6Les déclarations américaine et française ne firent pas que transcrire ces changements de sensibilité. Elles représentèrent aussi un changement de mode d’action politique. Les droits reconnus étaient présentés comme existant depuis toujours ; l’acte de les reconnaître était en revanche nouveau et fondateur d’une nouvelle légitimité. Elle produit sur le plan juridique un effet de cascade : l’affirmation de droits universels entraîne une série de reconnaissances (accès des juifs et des protestants aux fonctions publiques) et d’abolitions (comme celle de la torture judiciaire). Sa principale limitation demeure la catégorie de population auxquelles elle s’applique. L’expression « les hommes » désignait d’abord les citoyens actifs. Quel sens pouvait-elle avoir pour un Jefferson, par ailleurs propriétaire d’esclaves, sinon celui de désigner l’ensemble des individus capables d’un jugement moral autonome, ce qui pouvait exclure certaines catégories (domestiques, esclaves, femmes) ?  Les femmes ne bénéficiaient qu’en partie de cette évolution. Elles bénéficiaient des droits passifs comme tous les membres de la nation : sûreté, propriété, liberté, mais non des droits des citoyens actifs. Hunt estime que l’idée de droits de l’homme possédait une « logique propre » poussant à leur extension, et cite John Adams qui écrivait en 1776 que les femmes finiraient tôt ou tard par demander le droit de vote. Mais il restait plus facile de donner des droits à certains groupes (les minorités religieuses, comme les juifs et les protestants)  qu’à d’autres (les femmes). Hunt ajoute à cette dynamique l’abolition de l’esclavage en février 1794, mais reconnaît que celle-ci était d’abord due à la situation qui s’était développée à Saint-Domingue.

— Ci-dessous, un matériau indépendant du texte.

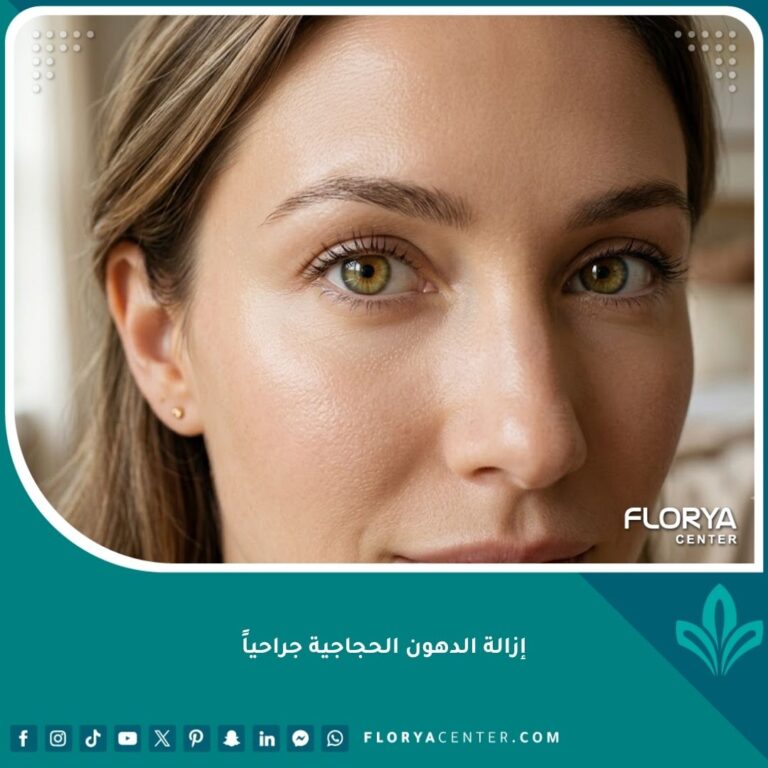 صورة مقربة تظهر عيون نضرة وشابة بعد عملية إزالة الدهون الحجاجية جراحياً للحصول على مظهر مشرق وخالٍ من الانتفاخات.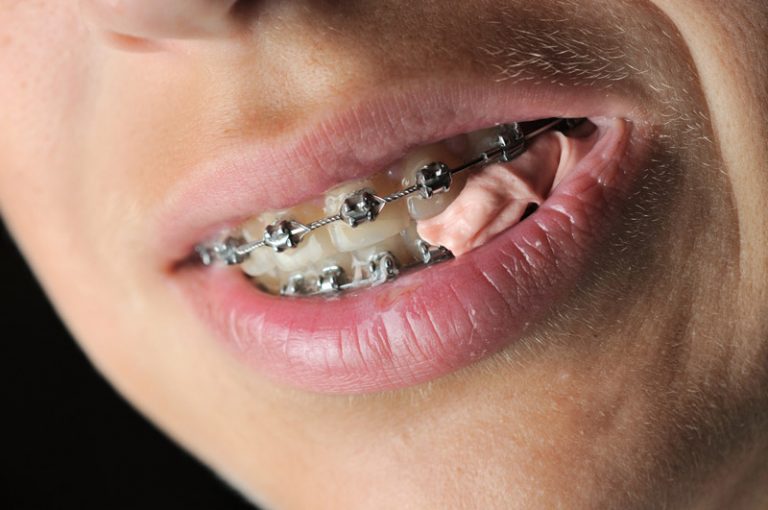 Can You Eat Gum with Braces?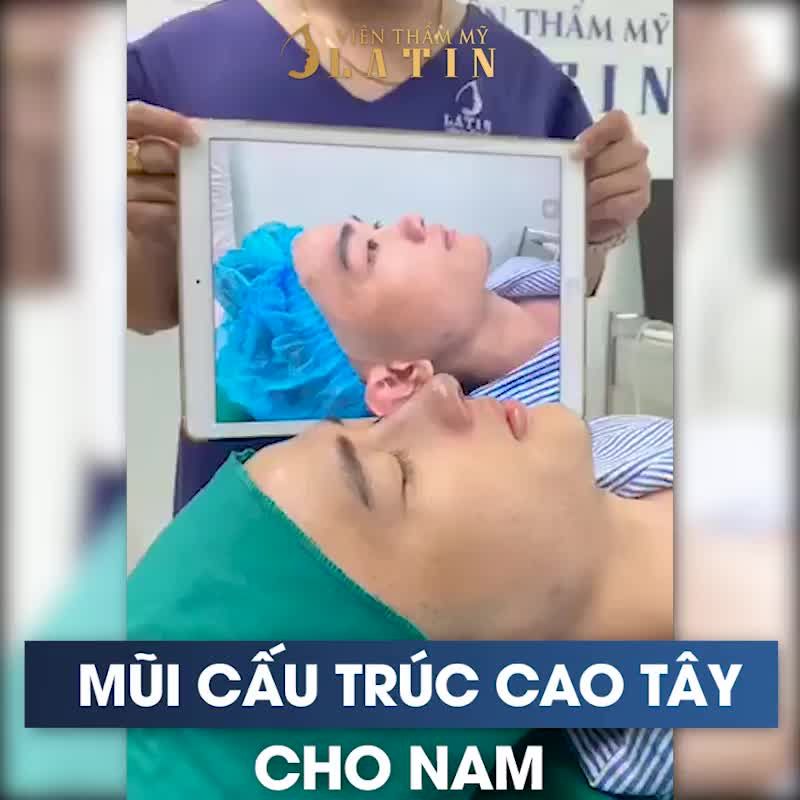 MŨI CẤU TRÚC MEGADERM DÁNG CAO TÂY CHO NAM GIỚI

7Les limitations concrètes au modèle des droits de l’homme ont longtemps persisté. Au xixsiècle, note Hunt, les droits de l’homme s’inscrivent dans le cadre de la nation, et ont tendance à s’ethniciser. Racisme, sexisme et antisémitisme sont les trois principaux obstacles à surmonter. Génocides et oppressions en tout genre n’ont pas cessé au xxe siècle.

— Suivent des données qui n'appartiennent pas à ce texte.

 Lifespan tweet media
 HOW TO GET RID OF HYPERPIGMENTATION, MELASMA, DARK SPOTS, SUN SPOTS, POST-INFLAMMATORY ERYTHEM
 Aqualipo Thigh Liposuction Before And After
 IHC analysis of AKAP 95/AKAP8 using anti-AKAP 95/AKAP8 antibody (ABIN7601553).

8Les droits de l’homme sont-ils en fin de compte une notion creuse ? Pour Hunt, l’effet de long terme des déclarations américaine et française fut d’ancrer l’évidence de l’idée de droits universels et de rendre leurs violations plus vivement ressenties, en faisant une arme essentielle dans les combats politiques. On touche ici aux limites d’un ouvrage souvent stimulant, mais qui suggère parfois plus qu’il ne démontre. Son point fort réside dans le lien qu’il tisse entre pratiques culturelles et mouvements politiques, contribuant à décloisonner les approches centrées sur la lecture et la réception des œuvres littéraires, d’une part, et une approche centrée sur les idées philosophiques et juridiques d’autre part. Il fournit ainsi des clés de lecture pour tous ceux qui cherchent à comprendre les origines culturelles des révolutions, passées ou contemporaines.